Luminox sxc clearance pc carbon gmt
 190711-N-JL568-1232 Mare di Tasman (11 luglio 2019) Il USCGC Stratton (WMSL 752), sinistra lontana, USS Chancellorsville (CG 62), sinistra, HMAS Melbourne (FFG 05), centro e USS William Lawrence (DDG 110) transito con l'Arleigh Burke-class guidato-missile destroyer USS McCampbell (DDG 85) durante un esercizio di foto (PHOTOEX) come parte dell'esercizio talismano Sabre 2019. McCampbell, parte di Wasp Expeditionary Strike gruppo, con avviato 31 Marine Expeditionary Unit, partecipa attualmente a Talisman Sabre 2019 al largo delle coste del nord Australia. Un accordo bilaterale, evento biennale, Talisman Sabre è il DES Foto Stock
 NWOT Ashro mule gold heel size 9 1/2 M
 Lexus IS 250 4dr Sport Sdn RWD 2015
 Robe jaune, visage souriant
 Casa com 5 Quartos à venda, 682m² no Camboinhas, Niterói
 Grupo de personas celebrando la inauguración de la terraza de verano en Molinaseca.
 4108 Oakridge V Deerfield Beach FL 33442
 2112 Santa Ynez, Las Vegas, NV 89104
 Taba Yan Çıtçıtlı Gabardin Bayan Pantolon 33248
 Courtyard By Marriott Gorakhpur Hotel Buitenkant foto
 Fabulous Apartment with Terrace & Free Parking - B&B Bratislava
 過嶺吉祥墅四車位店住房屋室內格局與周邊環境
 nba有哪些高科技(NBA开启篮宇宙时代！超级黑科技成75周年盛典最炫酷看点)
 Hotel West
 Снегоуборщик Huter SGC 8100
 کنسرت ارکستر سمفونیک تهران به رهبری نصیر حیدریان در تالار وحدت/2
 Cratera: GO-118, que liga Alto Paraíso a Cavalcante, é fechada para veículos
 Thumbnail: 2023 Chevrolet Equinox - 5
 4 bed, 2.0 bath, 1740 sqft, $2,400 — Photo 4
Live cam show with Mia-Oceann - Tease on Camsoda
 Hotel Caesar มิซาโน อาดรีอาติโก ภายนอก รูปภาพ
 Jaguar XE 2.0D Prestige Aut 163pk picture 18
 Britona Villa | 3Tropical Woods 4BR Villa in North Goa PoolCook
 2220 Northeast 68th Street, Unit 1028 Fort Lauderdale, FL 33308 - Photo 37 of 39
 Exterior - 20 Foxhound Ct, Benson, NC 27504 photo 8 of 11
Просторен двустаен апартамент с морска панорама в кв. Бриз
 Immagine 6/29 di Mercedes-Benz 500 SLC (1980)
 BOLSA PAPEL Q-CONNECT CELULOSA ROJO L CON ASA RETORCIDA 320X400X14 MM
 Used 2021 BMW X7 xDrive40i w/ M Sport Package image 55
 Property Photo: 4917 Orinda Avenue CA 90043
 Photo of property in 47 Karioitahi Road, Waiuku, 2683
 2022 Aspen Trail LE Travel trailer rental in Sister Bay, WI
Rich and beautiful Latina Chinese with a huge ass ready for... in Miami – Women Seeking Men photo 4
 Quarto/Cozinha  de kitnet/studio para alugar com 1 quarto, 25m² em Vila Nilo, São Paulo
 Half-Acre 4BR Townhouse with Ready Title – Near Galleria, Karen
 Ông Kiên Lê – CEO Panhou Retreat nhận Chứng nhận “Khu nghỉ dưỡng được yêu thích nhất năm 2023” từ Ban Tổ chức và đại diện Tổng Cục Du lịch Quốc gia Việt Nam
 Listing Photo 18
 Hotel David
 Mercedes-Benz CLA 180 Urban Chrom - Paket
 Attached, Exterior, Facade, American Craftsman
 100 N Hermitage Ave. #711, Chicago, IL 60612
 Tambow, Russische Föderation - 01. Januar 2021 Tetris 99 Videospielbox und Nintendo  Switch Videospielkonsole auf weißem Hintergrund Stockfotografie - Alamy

> _Required action_
Show, from the records above, every line that includes "Sport".

> _Output for this task_
 Lexus IS 250 4dr Sport Sdn RWD 2015
 Used 2021 BMW X7 xDrive40i w/ M Sport Package image 55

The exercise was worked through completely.